Simplified sterilisation processes
Keeping your warehouse as clean and contagion free as possible is remarkably easier when using an automated warehouse robotics solution.
In a manual warehouse, the difficulties presented by counter-contagion cleanliness mainly come in the form of disruption. Because the storage systems are in fixed places, cleaning any racks or bays means that not only are those storage units unoccupied, but that route through your warehouse space is blocked and alternative slower routes need to be found. Items need to be moved and rearranged, causing inefficiencies to mount up.
In an automated warehouse using flexible robotics, sterilisation and cleanliness are far easier to arrange.
Firstly, the actual process of cleaning will need to happen less often. Since less staff and less time will be involved in physically interacting with the storage units, the units themselves will be much cleaner and less likely to become a contagion vector.
Second, since the storage units are not fixed in place, they can be removed from the main body of the warehouse’s operating area without wider disruption. While items will still need some rearranging, this can be digitally monitored and managed automatically. Your staff will not notice the difference as they work at picking stations and other parts of the warehouse.
With a system that makes surface sterilisation much simpler, you have a better chance of maintaining complete counter-contagion security in your warehouse.
Simplified quarantine procedures
Pandemics sometimes make it necessary to quarantine items when they arrive. This will mean setting them aside in a specified area of the warehouse until you can be confident that any potential contagious agent is no longer dangerous. Such arrangements are far more easily managed with a flexible robotics automation solution.
In a manual warehouse, a quarantine space can become disruptive. Every other aspect of the warehouse operation has to be moved so as to avoid the quarantine space. Staff will need new training, new routes will need to be planned, and new systems have to be developed and implemented to factor a quarantine area as part of the operations. Every aspect of this is time-consuming and difficult.
With an automated robotic solution, you can easily meet the challenges brought on by quarantine procedures. With no fixed storage units, a flexible warehouse can be rearranged to feature a quarantine area much more quickly. With WMS managing routes and adapting to new and varying volumes of incoming product, this quarantine space can be managed without additional work from staff.

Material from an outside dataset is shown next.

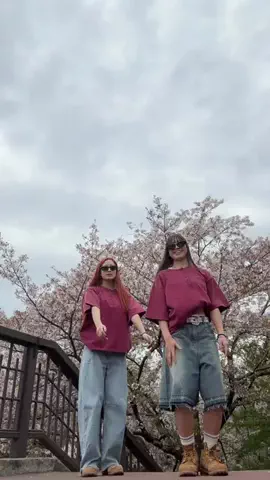 ひまひな🌼🐣のTikTok投稿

The end result is minimal disruption to your business’s overall operation. Your staff stay safer, your workplace works faster. Contagion security is maintained, and inefficiency is averted.
Robust warehouse operation
Flexible automation is the future of so many industries, and among the very biggest is the fact that it presents a much more robust warehouse operation model.
With the level of warehouse automation offered by industry 4.0, disruption will become both rarer, and easier to deal with when it happens. Your business can handle future turbulent times, as you implement systems increasingly impervious to outside events.
Contagion security is a crucial aspect of long term planning for any business using warehouses. With the automation model provided by OWR, you can be confident that you have a robust and minimally-disrupted operation that will stand the test of time.